Aufhebung des Schiessgesetzes vom 26. April 1852

Landrat / Parlament || Inhalt der Vorlage 1998-087 vom 12. Mai 1998


Aufhebung des Schiessgesetzes vom 26. April 1852


Geschäfte des Landrats || Hinweise und Erklärungen





IV. Beurteilung der vorgeschlagenen Neuregelung

Mit der Aufhebung des bestehenden Gesetzes betreffend das Schiessen können die mit diesem historischen Erlass verbundenen, geschilderten Rechtsunsicherheiten beseitigt werden. Allerdings kann auf dieses Gesetz nicht kompensationslos verzichtet werden: Ein Mindestmass an kommunalen und kantonalen Regelungen ist notwendig um die Bevölkerung vor den ernstzunehmenden Gefahren zu schützen, die sich aus dem Schiessen am Banntag unvermeidlicherweise ergeben.

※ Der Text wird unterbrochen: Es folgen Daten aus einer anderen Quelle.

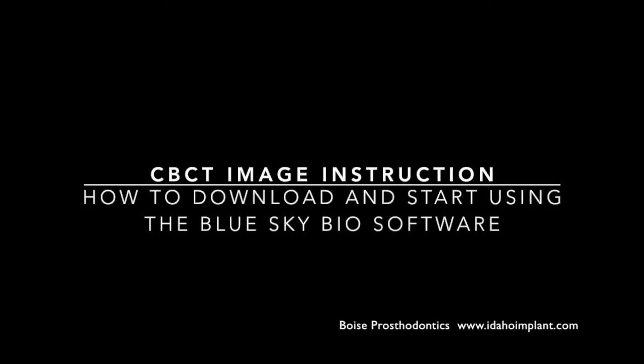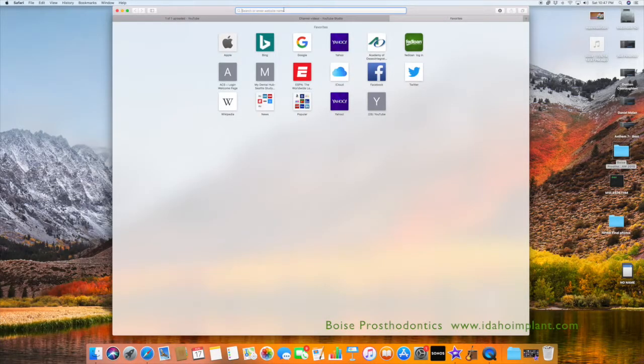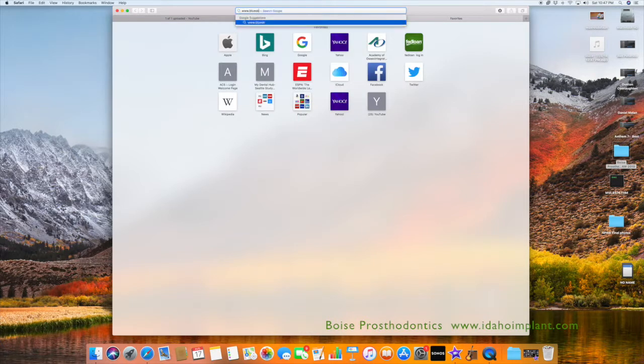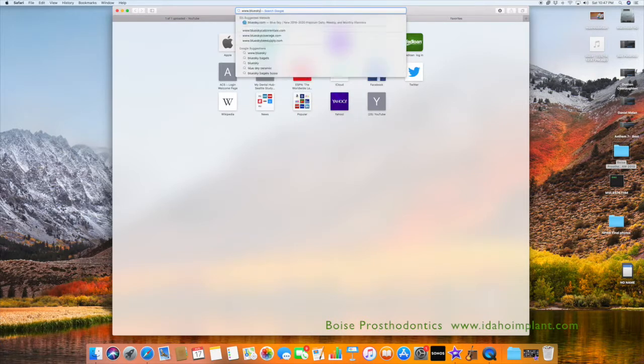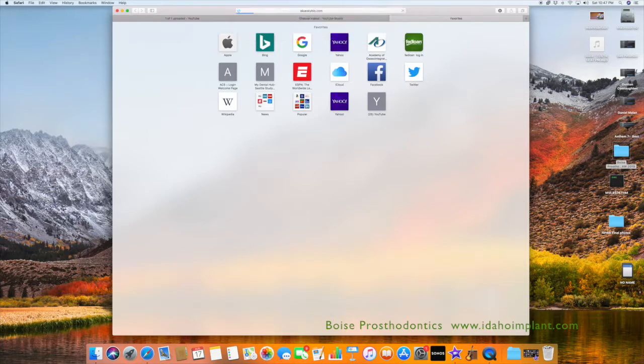This video will demonstrate how to download the BlueSkyBio software. First, you'll open your browser and type in BlueSkyBio.com.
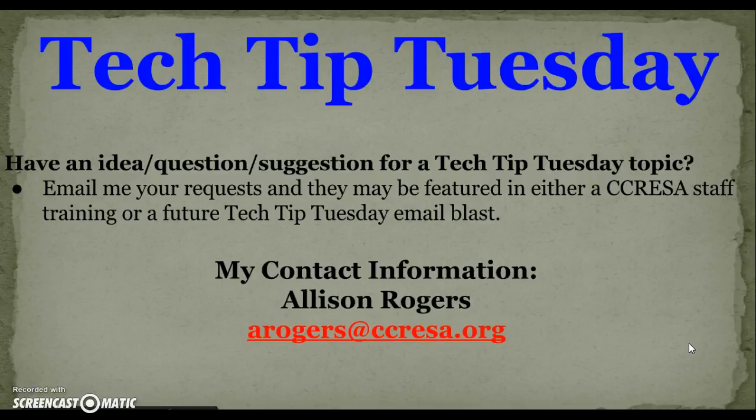That's it for today's Tech Tip Tuesday. If you have an idea, question, or suggestion for a Tech Tip Tuesday topic, email me and your idea may be featured in a future training or Tech Tip Tuesday Blast.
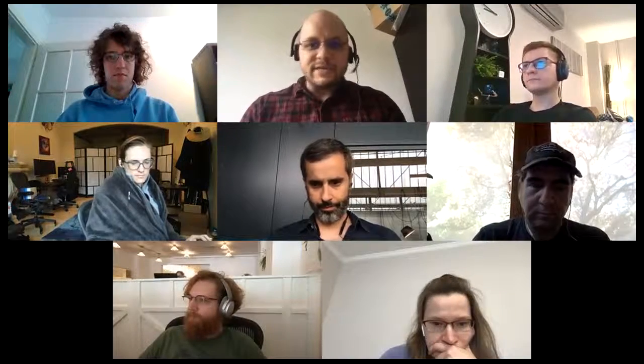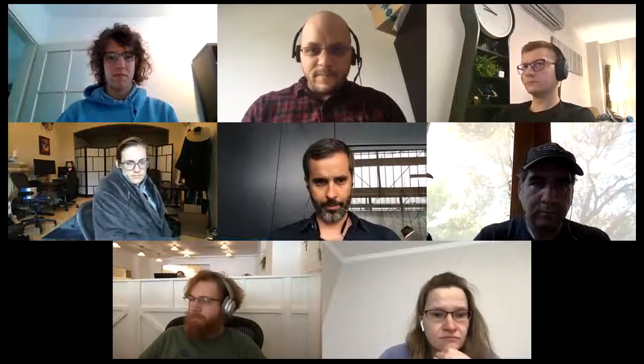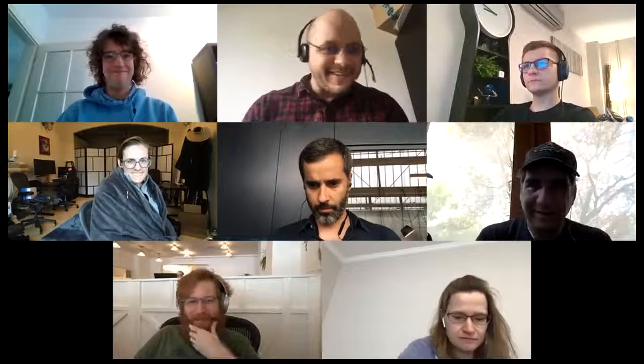Hi everybody, welcome to the weekly JS Core dev team sync. I'll be taking the place of Alan today — he's out on holiday, hopefully back next week. With that, can I have a volunteer note-taker? Volker, I pick you. Alright, we'll go ahead and kick it off now that we have a note-taker. Thank you, Volker.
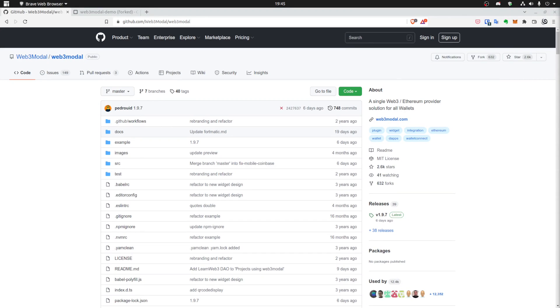Hi! Every dApp needs to connect to a wallet, so today we are bootstrapping a simple yet effective wallet picker that connects to most of the popular wallet providers.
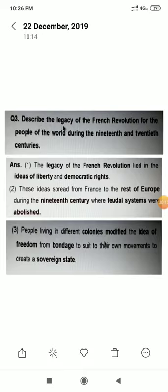Describe the legacy of the French Revolution for the people of the world during the 19th and 20th century. First point: The legacy of the French Revolution led to the ideas of liberty and democratic rights. Yianne ki, jo France ki legacy thi, French Revolution ki, woh liberty ke ideas leke aayi thi aur democratic rights leke aayi thi.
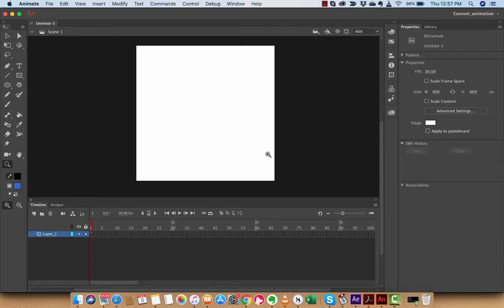Hello everybody, welcome back to another Adobe tutorial. In this one, we're inside Adobe Animate. It isn't used as much as the other tools like After Effects, Photoshop, Premiere Pro, and InDesign, but it's an awesome Adobe tool.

Dass dieses Gefahrenpotential nicht bloss theoretischer Natur ist, sondern sich auch realisieren kann, machen die Vorkommnisse anlässlich des Liestaler Banntages von 1995 in ihrer ganzen Tragweite bewusst. Die Veranstalter und die Beteiligten sind zusammen mit den zuständigen Stellen der Gemeinden und des Kantons verantwortlich, das in ihrer Macht stehende zu tun, damit sich die für die Betroffenen und ihre Angehörigen besonders schwerwiegenden Gehörschäden und andere Beeinträchtigungen der Gesundheit wenn immer möglich vermeiden lassen.


Die Wahrnehmung der öffentlichen Sicherheit und Ordnung ist eine gemeinsame Staatsaufgabe von Gemeinden und Kanton. So will es die Kantonsverfassung (§ 92 KV). Diese geteilte Verantwortung findet in der „Rahmenverordnung", die der Regierungsrat nach der Aufhebung des Schiessgesetzes zu erlassen gedenkt und die sich auf wenige Kernbestimmungen beschränkt, ihren Niederschlag. Die Gemeinden sind für den Vollzug der Verordnung verantwortlich.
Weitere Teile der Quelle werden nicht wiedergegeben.